**Task description**.
Please repeat the records exactly from their first line, finishing at the line containing "Elegant modern zwart" and including it.

━━━ Input

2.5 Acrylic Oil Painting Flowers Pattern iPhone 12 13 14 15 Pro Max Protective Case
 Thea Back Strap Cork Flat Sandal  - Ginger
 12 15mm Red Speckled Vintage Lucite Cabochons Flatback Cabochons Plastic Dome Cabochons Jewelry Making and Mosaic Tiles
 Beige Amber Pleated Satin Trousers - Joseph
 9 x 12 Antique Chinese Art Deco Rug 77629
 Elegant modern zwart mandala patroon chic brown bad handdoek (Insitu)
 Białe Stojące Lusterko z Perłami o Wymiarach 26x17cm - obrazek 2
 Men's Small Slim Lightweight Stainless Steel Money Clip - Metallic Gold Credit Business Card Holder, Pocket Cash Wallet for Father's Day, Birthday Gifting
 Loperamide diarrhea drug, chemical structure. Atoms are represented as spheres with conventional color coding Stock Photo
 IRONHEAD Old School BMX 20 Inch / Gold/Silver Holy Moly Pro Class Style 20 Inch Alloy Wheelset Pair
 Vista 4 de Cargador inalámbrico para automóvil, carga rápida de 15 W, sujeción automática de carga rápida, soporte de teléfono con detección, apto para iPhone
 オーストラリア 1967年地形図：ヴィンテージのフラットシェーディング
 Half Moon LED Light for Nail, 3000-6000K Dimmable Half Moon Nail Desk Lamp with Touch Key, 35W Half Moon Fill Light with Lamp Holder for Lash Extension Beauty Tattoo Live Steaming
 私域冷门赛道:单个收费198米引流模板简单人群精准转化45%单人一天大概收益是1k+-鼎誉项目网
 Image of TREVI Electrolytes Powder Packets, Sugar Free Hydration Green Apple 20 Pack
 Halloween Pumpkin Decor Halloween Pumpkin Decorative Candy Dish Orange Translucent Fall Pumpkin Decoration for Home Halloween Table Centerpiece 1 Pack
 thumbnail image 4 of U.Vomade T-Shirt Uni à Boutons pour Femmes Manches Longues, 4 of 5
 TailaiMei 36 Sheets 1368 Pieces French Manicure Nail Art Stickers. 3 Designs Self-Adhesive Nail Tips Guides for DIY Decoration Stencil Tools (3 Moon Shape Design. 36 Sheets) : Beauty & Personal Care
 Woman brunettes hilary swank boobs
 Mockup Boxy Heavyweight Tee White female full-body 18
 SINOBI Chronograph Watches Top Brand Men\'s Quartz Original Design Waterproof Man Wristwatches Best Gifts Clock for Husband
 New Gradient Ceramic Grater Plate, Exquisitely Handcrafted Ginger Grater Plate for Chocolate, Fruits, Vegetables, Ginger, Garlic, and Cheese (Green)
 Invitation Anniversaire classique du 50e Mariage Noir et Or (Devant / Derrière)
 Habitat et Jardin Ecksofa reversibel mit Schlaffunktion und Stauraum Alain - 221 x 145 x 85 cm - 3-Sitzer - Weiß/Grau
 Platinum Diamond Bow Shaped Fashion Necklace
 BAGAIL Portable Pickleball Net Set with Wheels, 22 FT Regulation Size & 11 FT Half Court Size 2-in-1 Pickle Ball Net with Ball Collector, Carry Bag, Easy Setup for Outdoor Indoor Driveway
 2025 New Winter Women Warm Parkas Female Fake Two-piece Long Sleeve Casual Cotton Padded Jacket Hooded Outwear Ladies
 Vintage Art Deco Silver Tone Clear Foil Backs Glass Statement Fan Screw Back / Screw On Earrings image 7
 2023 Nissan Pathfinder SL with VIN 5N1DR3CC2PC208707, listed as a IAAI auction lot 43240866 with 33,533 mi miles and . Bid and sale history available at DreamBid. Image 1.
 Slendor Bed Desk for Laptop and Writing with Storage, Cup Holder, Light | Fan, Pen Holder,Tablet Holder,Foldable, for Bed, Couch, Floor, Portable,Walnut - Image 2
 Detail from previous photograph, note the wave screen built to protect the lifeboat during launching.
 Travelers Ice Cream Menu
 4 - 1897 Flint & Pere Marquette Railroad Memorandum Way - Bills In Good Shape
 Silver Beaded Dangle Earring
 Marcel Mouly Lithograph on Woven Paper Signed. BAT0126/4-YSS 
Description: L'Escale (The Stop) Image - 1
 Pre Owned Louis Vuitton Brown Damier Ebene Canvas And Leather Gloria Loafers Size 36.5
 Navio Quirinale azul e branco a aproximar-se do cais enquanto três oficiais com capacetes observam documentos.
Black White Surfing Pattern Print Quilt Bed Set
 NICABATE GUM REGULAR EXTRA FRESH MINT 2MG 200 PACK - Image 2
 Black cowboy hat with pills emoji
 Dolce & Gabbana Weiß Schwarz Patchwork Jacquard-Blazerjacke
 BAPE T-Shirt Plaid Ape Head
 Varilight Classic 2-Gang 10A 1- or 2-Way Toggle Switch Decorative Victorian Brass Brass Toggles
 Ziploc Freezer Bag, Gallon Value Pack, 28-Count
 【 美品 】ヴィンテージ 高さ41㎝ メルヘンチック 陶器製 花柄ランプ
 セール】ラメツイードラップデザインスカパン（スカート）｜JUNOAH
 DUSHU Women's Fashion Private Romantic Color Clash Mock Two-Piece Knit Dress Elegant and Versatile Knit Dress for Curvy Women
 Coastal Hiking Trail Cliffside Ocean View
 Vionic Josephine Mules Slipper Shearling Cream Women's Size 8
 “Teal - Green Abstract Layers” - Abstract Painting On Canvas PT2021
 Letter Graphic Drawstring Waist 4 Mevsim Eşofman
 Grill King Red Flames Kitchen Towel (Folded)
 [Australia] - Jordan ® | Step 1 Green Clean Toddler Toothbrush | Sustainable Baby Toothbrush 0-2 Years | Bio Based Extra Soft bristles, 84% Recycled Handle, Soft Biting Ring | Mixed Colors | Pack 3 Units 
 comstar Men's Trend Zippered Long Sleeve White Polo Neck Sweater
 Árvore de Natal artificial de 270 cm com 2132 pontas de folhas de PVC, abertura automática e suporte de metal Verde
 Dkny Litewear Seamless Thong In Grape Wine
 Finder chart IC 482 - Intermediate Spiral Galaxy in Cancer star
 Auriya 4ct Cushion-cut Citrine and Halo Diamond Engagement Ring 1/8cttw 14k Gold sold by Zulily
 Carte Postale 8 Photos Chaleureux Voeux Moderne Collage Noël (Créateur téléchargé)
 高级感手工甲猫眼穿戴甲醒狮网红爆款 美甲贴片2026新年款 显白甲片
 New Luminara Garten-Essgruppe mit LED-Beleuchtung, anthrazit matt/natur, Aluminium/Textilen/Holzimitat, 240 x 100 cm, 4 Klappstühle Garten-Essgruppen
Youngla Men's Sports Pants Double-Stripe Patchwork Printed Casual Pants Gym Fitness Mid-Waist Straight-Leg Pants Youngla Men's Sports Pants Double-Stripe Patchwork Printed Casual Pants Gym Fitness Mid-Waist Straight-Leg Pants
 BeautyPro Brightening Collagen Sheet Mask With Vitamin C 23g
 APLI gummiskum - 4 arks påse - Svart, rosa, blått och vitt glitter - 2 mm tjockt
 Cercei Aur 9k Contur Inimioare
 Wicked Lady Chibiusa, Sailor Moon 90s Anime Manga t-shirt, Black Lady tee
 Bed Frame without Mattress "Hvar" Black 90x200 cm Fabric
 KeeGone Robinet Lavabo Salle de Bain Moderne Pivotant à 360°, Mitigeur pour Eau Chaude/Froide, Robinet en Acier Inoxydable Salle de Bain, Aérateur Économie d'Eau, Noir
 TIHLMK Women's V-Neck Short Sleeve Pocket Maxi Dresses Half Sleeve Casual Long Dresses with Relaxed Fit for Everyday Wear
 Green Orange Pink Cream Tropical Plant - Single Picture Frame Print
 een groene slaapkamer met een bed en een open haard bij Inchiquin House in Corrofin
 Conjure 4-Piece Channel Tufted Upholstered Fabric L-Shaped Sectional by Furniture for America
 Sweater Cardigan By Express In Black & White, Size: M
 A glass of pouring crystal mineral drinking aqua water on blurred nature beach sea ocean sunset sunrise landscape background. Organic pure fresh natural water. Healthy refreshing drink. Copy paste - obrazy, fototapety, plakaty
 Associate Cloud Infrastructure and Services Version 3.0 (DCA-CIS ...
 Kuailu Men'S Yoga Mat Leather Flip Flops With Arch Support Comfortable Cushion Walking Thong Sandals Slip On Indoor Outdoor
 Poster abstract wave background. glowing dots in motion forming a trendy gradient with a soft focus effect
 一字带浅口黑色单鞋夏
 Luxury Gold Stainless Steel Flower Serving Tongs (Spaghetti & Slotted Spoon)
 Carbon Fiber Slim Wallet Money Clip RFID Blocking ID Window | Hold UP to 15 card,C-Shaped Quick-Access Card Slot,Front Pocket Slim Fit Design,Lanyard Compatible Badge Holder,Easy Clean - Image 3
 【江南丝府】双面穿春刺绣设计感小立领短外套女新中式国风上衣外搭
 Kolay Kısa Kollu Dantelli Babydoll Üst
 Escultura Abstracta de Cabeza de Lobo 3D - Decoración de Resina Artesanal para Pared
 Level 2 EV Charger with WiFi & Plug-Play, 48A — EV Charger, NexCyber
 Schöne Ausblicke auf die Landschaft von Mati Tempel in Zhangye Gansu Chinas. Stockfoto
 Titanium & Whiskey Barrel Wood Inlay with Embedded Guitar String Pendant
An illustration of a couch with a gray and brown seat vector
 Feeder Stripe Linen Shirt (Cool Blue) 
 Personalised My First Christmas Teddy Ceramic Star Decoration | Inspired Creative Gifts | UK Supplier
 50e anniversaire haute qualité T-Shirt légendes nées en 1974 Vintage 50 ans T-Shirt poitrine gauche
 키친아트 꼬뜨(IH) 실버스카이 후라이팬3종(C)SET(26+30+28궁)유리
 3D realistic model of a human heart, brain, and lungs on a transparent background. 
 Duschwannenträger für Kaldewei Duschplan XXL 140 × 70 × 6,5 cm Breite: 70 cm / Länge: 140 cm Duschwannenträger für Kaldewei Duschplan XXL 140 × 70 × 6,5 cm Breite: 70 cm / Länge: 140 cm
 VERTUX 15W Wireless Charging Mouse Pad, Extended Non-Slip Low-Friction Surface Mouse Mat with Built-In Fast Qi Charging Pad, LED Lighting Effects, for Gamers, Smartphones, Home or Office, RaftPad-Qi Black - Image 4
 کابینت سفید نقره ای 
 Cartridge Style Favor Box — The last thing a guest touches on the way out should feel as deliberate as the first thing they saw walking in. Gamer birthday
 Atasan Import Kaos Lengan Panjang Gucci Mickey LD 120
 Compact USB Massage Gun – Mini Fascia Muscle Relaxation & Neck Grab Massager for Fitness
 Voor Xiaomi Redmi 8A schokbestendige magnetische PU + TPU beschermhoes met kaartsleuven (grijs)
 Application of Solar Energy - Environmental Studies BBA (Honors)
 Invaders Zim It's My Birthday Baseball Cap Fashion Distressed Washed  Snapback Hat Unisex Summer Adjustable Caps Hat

━━━━━━

**Problem solution**.
2.5 Acrylic Oil Painting Flowers Pattern iPhone 12 13 14 15 Pro Max Protective Case
 Thea Back Strap Cork Flat Sandal  - Ginger
 12 15mm Red Speckled Vintage Lucite Cabochons Flatback Cabochons Plastic Dome Cabochons Jewelry Making and Mosaic Tiles
 Beige Amber Pleated Satin Trousers - Joseph
 9 x 12 Antique Chinese Art Deco Rug 77629
 Elegant modern zwart mandala patroon chic brown bad handdoek (Insitu)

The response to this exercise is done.